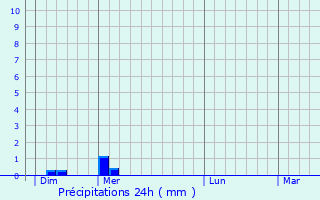 Graphique des précipitations prvues pour Viller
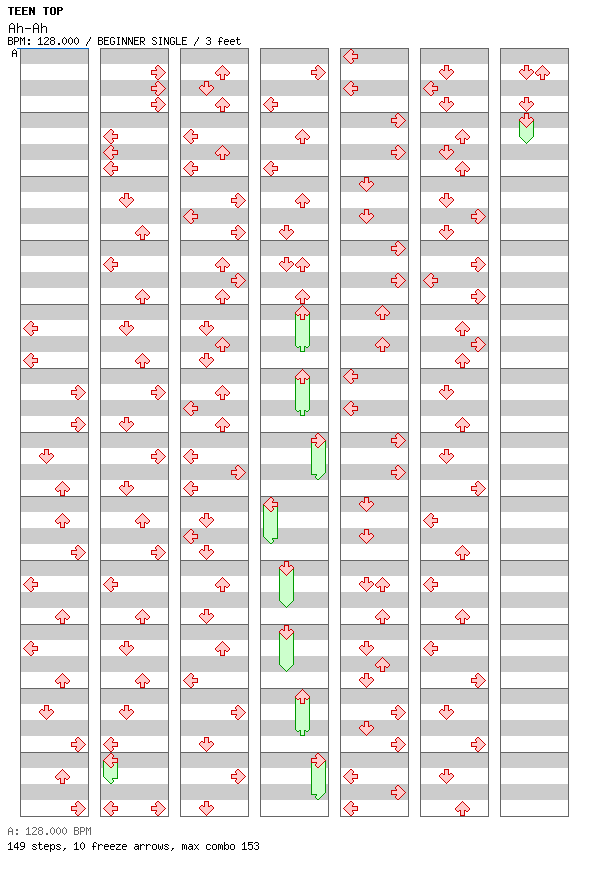 Ah-Ah / 4 / BEGINNER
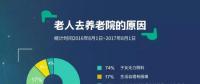 傳統(tǒng)媒體想逆襲？那一定要搭上社會化大數(shù)據(jù)這趟快車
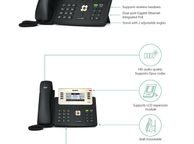 main image for ad Yealink T27G Desktop IP Phone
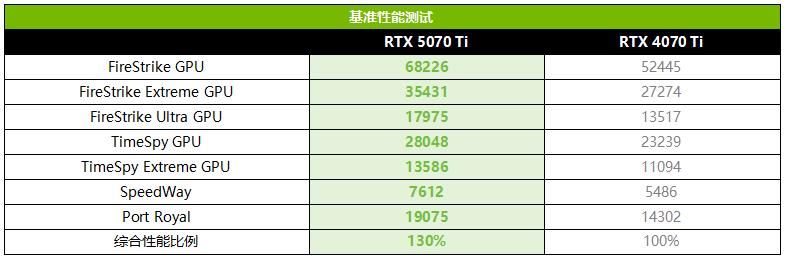 更有性价比的4K游戏显卡! 影驰GeForce RTX 5070 Ti魔刃首发测评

*THE PROBLEM*.
Write out again, word for word, the lines from the one holding "main image for" through the final line of the listing, including both ends but no pictures.

*RESULT BELOW*.
 main image for ad Yealink T27G Desktop IP Phone
 更有性价比的4K游戏显卡! 影驰GeForce RTX 5070 Ti魔刃首发测评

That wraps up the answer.